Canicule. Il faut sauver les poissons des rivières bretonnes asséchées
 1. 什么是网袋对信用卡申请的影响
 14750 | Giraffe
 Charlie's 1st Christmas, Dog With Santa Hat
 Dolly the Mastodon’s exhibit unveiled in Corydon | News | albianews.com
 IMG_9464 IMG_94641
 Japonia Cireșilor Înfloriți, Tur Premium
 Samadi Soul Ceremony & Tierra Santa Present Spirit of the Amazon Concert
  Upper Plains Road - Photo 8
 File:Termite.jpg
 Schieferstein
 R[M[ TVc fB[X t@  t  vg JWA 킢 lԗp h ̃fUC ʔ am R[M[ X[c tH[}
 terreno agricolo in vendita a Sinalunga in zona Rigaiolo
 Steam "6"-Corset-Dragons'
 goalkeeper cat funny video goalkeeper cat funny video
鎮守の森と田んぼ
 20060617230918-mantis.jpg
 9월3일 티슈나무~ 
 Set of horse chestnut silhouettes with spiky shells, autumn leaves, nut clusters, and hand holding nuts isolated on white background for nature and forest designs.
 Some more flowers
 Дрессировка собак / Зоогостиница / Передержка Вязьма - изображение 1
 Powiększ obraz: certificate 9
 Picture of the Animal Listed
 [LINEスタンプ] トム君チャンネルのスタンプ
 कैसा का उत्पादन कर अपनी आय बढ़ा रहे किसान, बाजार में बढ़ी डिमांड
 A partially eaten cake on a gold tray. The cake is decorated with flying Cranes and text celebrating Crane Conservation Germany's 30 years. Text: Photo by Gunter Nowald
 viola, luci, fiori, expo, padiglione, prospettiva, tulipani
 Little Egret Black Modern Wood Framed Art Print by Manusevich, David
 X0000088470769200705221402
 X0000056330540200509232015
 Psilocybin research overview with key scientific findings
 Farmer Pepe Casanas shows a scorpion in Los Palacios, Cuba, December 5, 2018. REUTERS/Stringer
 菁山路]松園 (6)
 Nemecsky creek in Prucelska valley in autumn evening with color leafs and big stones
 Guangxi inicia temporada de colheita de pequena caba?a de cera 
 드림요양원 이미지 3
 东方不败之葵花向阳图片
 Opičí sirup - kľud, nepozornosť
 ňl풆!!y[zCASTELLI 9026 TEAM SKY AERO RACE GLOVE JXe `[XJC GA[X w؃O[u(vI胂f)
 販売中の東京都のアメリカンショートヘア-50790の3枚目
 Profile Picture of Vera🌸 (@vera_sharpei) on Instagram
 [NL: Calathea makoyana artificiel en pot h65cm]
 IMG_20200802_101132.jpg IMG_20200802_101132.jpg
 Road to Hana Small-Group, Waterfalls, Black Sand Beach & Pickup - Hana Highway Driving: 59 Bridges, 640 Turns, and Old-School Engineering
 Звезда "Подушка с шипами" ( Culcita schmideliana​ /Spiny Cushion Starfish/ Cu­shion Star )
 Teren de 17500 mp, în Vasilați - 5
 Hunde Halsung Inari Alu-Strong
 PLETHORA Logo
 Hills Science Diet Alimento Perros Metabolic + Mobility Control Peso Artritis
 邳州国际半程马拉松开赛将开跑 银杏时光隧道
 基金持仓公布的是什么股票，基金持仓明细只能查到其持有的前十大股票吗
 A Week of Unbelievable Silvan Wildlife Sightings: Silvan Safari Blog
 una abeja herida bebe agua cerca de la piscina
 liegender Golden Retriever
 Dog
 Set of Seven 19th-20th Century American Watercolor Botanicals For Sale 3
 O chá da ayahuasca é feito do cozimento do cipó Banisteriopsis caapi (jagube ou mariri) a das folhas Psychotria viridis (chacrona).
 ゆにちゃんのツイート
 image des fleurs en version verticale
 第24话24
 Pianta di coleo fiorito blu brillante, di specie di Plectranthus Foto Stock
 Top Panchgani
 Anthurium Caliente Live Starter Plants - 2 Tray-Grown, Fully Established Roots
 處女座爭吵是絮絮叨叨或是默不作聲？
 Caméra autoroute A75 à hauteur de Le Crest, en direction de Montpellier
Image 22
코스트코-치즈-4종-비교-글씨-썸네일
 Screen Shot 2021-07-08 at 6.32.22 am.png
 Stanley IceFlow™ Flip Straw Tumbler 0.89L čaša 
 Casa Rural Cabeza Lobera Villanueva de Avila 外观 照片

--- What needs to be done ---
Your job is to print exactly the lines that run from the top of the entries through the line with "X0000056330540200509232015", and no others.

--- Your solution ---
Canicule. Il faut sauver les poissons des rivières bretonnes asséchées
 1. 什么是网袋对信用卡申请的影响
 14750 | Giraffe
 Charlie's 1st Christmas, Dog With Santa Hat
 Dolly the Mastodon’s exhibit unveiled in Corydon | News | albianews.com
 IMG_9464 IMG_94641
 Japonia Cireșilor Înfloriți, Tur Premium
 Samadi Soul Ceremony & Tierra Santa Present Spirit of the Amazon Concert
  Upper Plains Road - Photo 8
 File:Termite.jpg
 Schieferstein
 R[M[ TVc fB[X t@  t  vg JWA 킢 lԗp h ̃fUC ʔ am R[M[ X[c tH[}
 terreno agricolo in vendita a Sinalunga in zona Rigaiolo
 Steam "6"-Corset-Dragons'
 goalkeeper cat funny video goalkeeper cat funny video
鎮守の森と田んぼ
 20060617230918-mantis.jpg
 9월3일 티슈나무~ 
 Set of horse chestnut silhouettes with spiky shells, autumn leaves, nut clusters, and hand holding nuts isolated on white background for nature and forest designs.
 Some more flowers
 Дрессировка собак / Зоогостиница / Передержка Вязьма - изображение 1
 Powiększ obraz: certificate 9
 Picture of the Animal Listed
 [LINEスタンプ] トム君チャンネルのスタンプ
 कैसा का उत्पादन कर अपनी आय बढ़ा रहे किसान, बाजार में बढ़ी डिमांड
 A partially eaten cake on a gold tray. The cake is decorated with flying Cranes and text celebrating Crane Conservation Germany's 30 years. Text: Photo by Gunter Nowald
 viola, luci, fiori, expo, padiglione, prospettiva, tulipani
 Little Egret Black Modern Wood Framed Art Print by Manusevich, David
 X0000088470769200705221402
 X0000056330540200509232015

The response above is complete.